◆ **The task**
Please transcribe exactly, and only, the lines of the data below between the line holding "12 Pcs Survival" and the line holding "Women’s Armani Exchange", inclusive.

Short text fragments from websites:
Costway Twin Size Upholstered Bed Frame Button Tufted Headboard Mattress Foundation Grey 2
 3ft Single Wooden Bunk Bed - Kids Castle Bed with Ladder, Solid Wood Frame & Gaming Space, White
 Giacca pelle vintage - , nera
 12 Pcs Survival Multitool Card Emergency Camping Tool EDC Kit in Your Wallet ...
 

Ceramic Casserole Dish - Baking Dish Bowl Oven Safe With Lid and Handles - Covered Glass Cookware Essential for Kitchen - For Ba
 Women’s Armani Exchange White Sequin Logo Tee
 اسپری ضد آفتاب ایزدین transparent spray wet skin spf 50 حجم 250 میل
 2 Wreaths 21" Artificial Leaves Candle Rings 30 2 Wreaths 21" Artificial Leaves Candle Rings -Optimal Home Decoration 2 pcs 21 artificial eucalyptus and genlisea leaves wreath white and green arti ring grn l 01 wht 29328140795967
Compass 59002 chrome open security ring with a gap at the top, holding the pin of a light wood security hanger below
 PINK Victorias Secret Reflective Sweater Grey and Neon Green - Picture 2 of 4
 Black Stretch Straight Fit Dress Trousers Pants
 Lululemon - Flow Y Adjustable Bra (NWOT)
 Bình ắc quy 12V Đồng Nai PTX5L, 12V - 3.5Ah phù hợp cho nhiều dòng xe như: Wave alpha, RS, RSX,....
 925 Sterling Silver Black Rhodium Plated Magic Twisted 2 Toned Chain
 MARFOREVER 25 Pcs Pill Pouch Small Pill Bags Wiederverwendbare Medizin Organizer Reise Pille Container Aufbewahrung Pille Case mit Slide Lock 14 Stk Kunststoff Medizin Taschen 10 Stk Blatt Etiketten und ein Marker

◆ **Result for this exercise**
 12 Pcs Survival Multitool Card Emergency Camping Tool EDC Kit in Your Wallet ...
 

Ceramic Casserole Dish - Baking Dish Bowl Oven Safe With Lid and Handles - Covered Glass Cookware Essential for Kitchen - For Ba
 Women’s Armani Exchange White Sequin Logo Tee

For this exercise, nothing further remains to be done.